How to train Dolly 2.0 with a brand new raw data set ( i.e. replace Pythia and use a new language ) ?

#80
by deepthoughts - opened

All of the training code that I looked at appears to expect an existing model. How can I train a brand new model ( say a new language ) and I want to start everytning from scratch as to not pollute the model if it's going to be optimized for a certain language ( for example )?

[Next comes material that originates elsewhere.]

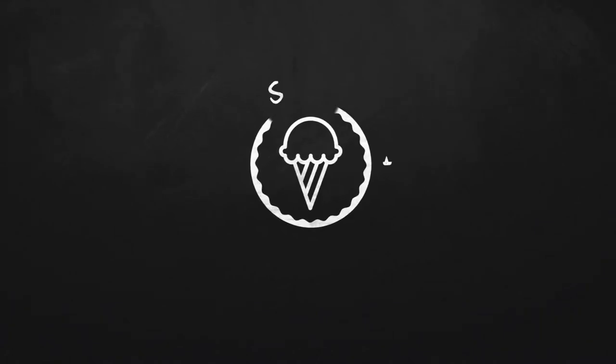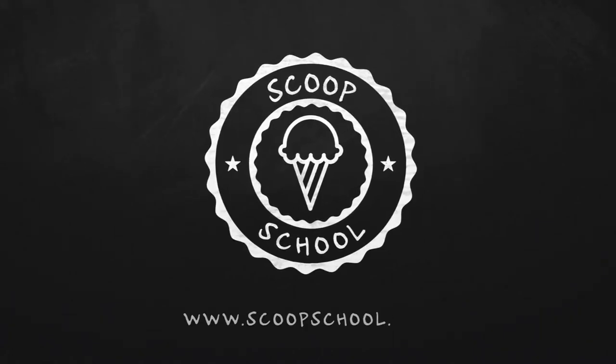Welcome to the Scoop School podcast, where we tackle your conundrums about the retail ice cream and frozen dessert business. Here's your host — he's smooth as soft serve ice cream, hard as peanut brittle, and cutting edge as black sesame ice cream — the ice cream bloke and self-appointed headmaster of Scoop School, Steve Christensen.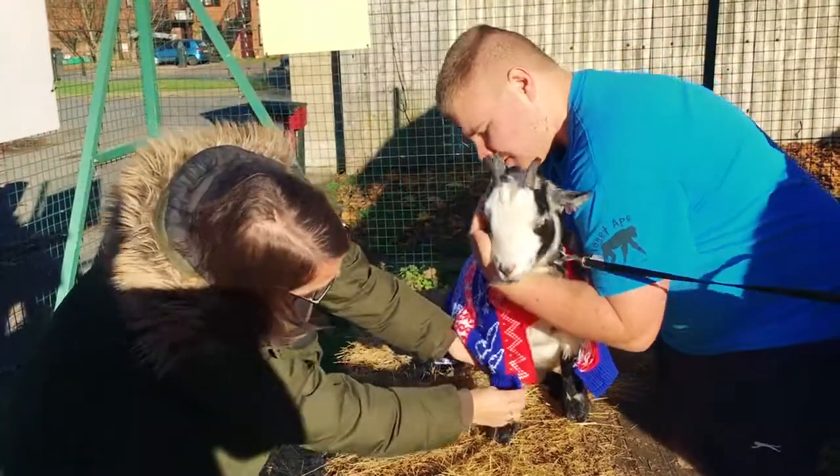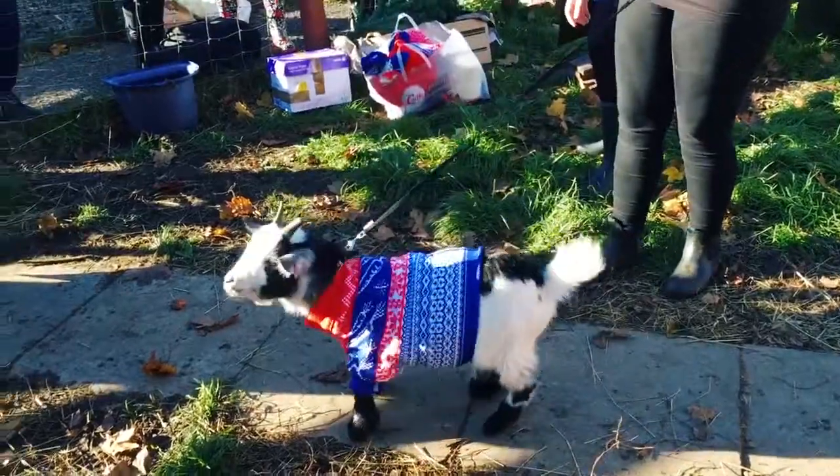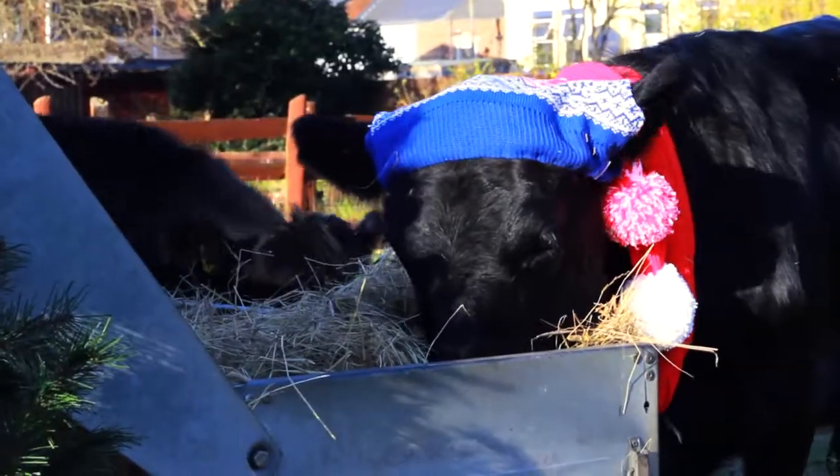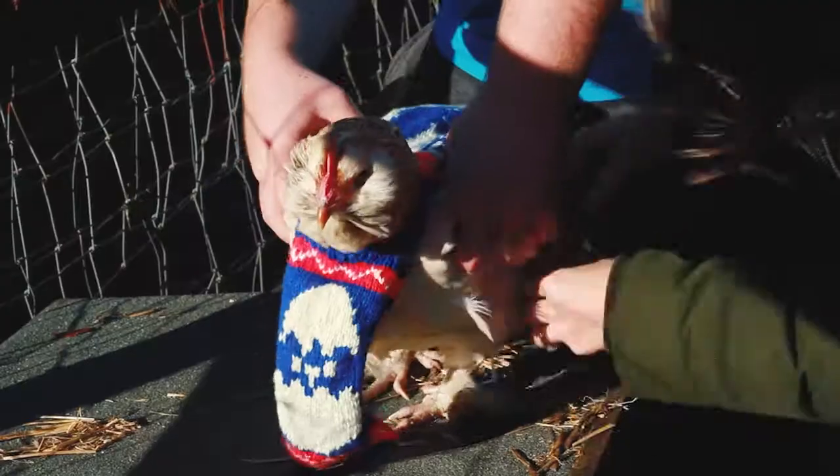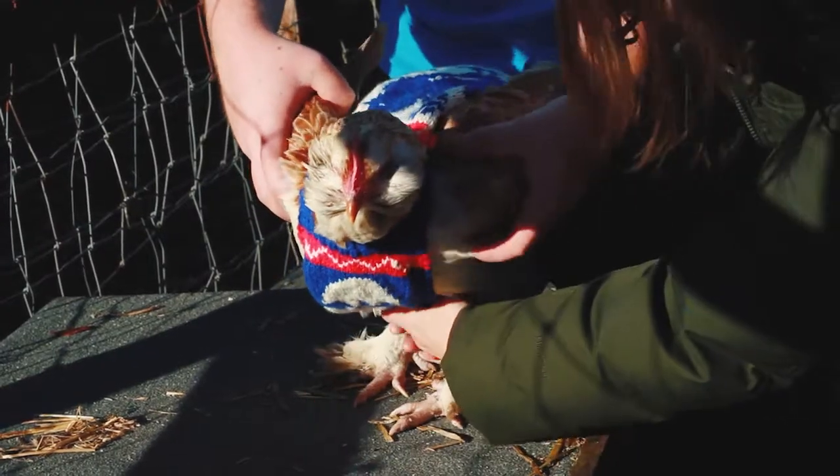Today we're photographing animals in Christmas jumpers. We've got goats here getting woolly jumpers put on and then we're going to go over to the cows. We've got a nice Christmas hat and then we've got some chickens with coats, so we're going to have chickens in coats.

My first thinking is that I should go and explore how Pythia was trained and what code it used to train it. However, I thought I'd ask here first if there is already a way to use Dolly 2.0's training code.

Great job 🤗!

deepthoughts changed discussion title from How to train Dolly 2.0 with a brand new data set ( Not Pythia ) ? to How to train Dolly 2.0 with a brand new raw data set ( i.e. replace Pythia's raw data and use a new language ) ?
deepthoughts changed discussion title from How to train Dolly 2.0 with a brand new raw data set ( i.e. replace Pythia's raw data and use a new language ) ? to How to train Dolly 2.0 with a brand new raw data set ( i.e. replace Pythia and use a new language ) ?
Databricks org

You should be able to easily find the Pythia code and paper: https://github.com/EleutherAI/pythia
But you'll see that the base Pythia 12B model's training took 72,300 A100 hours (https://arxiv.org/pdf/2304.01373.pdf), which would cost you hundreds of thousands of dollars to reproduce.
That work goes into developing a base understanding of language that you want to reuse, not throw away and reproduce.
It also saw 200B tokens, and you would need to have something of that order of magnitude on hand to make this make sense.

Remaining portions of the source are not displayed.